作者:郭震
16. How to get the positions of items of series A in another series B?
如何获取Series A 中的项在另一个 Series B 中的位置?
Get the positions of items of ser2 in ser1 as a list.
# input
ser1 = pd.Series([10, 9, 6, 5, 3, 1, 12, 8, 13])
ser2 = pd.Series([1, 3, 10, 13])
# get's the index, but it's sorts the index
list(ser1[ser1.isin(ser2)].index)
# using numpy where
[np.where(i == ser1)[0].tolist()[0] for i in ser2]
# using pandas Index and get location
[pd.Index(ser1).get_loc(i) for i in ser2]
17. How to compute the mean squared error on a truth and predicted series?

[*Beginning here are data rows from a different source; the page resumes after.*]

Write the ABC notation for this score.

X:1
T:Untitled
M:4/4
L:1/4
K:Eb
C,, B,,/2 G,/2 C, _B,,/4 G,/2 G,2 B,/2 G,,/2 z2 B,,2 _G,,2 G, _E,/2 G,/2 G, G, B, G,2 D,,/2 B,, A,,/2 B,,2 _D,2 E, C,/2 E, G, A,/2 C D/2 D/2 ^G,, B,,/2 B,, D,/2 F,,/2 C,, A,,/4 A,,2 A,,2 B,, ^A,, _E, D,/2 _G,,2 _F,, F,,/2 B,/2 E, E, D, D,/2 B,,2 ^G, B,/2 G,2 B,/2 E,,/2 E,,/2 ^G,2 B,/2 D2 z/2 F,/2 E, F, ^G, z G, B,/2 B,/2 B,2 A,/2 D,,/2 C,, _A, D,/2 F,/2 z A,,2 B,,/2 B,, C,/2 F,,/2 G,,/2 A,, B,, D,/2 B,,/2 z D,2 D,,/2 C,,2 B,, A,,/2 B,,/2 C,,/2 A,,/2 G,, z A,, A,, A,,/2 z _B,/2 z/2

如何计算真实值和预测值Series之间的均方误差(MSE)?
Compute the mean squared error of truth and pred series.
# input
truth = pd.Series(range(10))
pred = pd.Series(range(10)) + np.random.random(10)
# BAD, don't use it
(np.mean([(truth_i - pred_i)#### 2 for truth_i, pred_i in zip(truth, pred)]))
# using numpy
np.mean((truth-pred)#### 2)
# using sklear metrics
from sklearn.metrics import mean_squared_error
mean_squared_error(truth, pred)
18. How to convert the first character of each element in a series to uppercase?
如何将Series中每个元素的首字母转换为大写?
Change the first character of each word to upper case in each word of ser.
# input
ser = pd.Series(['just', 'a', 'random', 'list'])
ser
# using python string method title() Assumes we only encounter string in the list
[i.title() for i in ser]
# using lambda
ser.map(lambda x: x.title())
# other solution
ser.map(lambda x: x[0].upper() + x[1:])
19. How to calculate the number of characters in each word in a series?
# input
ser = pd.Series(['just', 'a', 'random', 'list'])

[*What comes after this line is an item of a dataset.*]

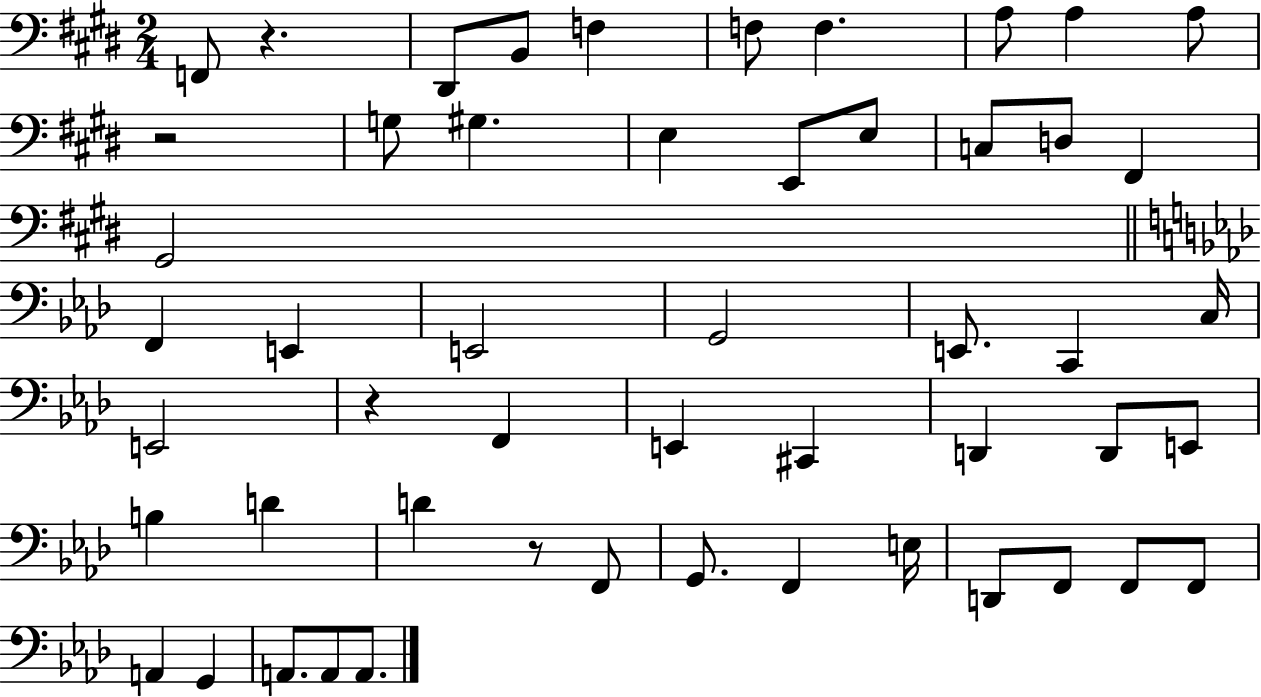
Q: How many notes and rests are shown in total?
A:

# using list comprehension
[len(i) for i in ser]
# using series map
ser.map(len)
# using series apply
ser.apply(len)
20. How to compute difference of differences between consequtive numbers of a series?
Difference of differences between the consequtive numbers of ser.
# input
ser = pd.Series([1, 3, 6, 10, 15, 21, 27, 35])
# Desired Output
# [nan, 2.0, 3.0, 4.0, 5.0, 6.0, 6.0, 8.0]
# [nan, nan, 1.0, 1.0, 1.0, 1.0, 0.0, 2.0]
# using pandas diff()
ser.diff(periods = 1).tolist()
ser.diff(periods = 1).diff(periods = 1).tolist()
21. How to convert a series of date-strings to a timeseries?
# input
ser = pd.Series(['01 Jan 2010', '02-02-2011', '20120303', '2013/04/04', '2014-05-05', '2015-06-06T12:20'])
'''
Desired Output
0 2010-01-01 00:00:00
1 2011-02-02 00:00:00
2 2012-03-03 00:00:00
3 2013-04-04 00:00:00
4 2014-05-05 00:00:00
5 2015-06-06 12:20:00
'''
# using pands to_datetime
pd.to_datetime(ser)
# using dateutil parse
from dateutil.parser import parse
ser.map(lambda x: parse(x))
22. How to get the day of month, week number, day of year and day of week from a series of date strings?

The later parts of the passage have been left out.